If you've started researching post-Brexit EU shipping, you've probably come across the term "landed cost." It sounds technical but the concept is straightforward — and understanding it could save you from some of the most common and costly mistakes UK sellers make when shipping to Europe.

What landed cost actually means

The landed cost of a shipment is the total amount your customer pays to receive your product at their door. It includes everything — not just what they paid you, but every charge assessed along the way.

For a UK-to-EU shipment, the landed cost typically has four components:

  1. Product price — what your customer paid you at checkout.
  2. Shipping cost — what it costs to get the parcel from your door to theirs.
  3. Import duty — a tax assessed by EU customs on the value of the goods.
  4. Destination VAT — the importing country's VAT rate applied to the total value of the shipment.

Add all four together and you have the landed cost — the true total cost of getting your product into your customer's hands.

Why landed cost matters for UK sellers specifically

Before Brexit, the landed cost of a UK-to-EU shipment was simple: product price plus shipping.
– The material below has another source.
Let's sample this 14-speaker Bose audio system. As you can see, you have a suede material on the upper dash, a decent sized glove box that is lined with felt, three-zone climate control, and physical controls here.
No duty, no destination VAT, no customs complexity.

Post-Brexit, components 3 and 4 have been added. For many shipments — particularly those above the €150 threshold — the landed cost is significantly higher than the price your customer paid at checkout. The difference lands on their doorstep as an unexpected bill.

A real example

A UK seller ships a leather bag worth £220 to a customer in Italy.
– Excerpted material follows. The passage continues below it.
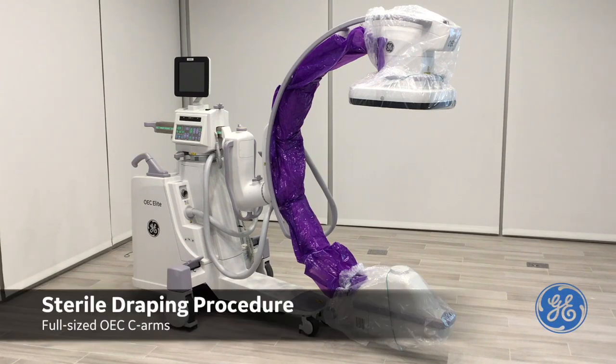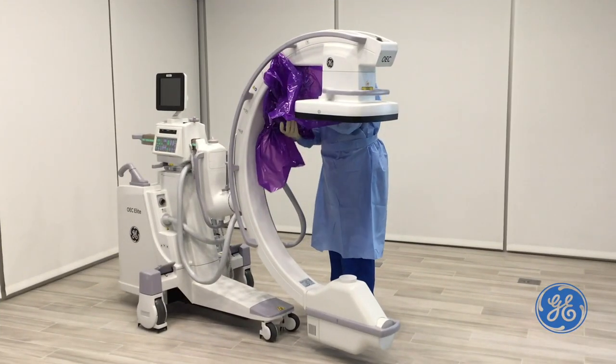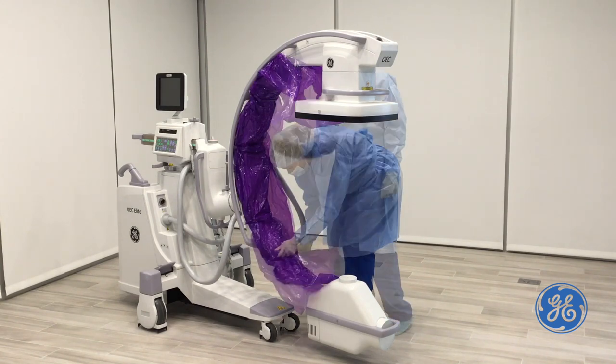The objective of this video is to demonstrate the proper procedure for placing a sterile drape on full-sized OEC C-arms. First, apply the large drape by snapping the clips on the drape into the groove on the side of the C-arm.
Worked example — leather bag to Italy

Product price: £220 (already paid)

Shipping: £15 (already paid)

Import duty: £0 (0% for leather goods under TCA)

Italian VAT (22%): £52

Landed cost: £307

The customer paid £235 at checkout. The true landed cost is £307. The gap — £72 — arrives as a VAT bill when the courier delivers. If nobody told the customer this was coming, the relationship is damaged before the product is even unwrapped.

How to calculate landed cost before you ship

You could calculate it manually — look up your product's commodity code, find the applicable duty rate, apply the destination country's VAT rate to the CIF value. It takes 20–30 minutes if you know what you're doing.

Or you can use ClearShip. Enter your product description, value, weight and destination country, and ClearShip calculates the full landed cost in seconds — including the correct duty rate for your product category and the destination country's VAT rate. It's free to try.

What to do with the landed cost figure

Once you know the landed cost, you have options. You can communicate it to your customer upfront so they know what to expect. You can build it into your pricing so the landed cost equals what they pay at checkout. Or you can use it to decide whether a particular EU market is commercially viable for your products at your price point.

All three are better than the alternative — shipping without knowing and hoping for the best.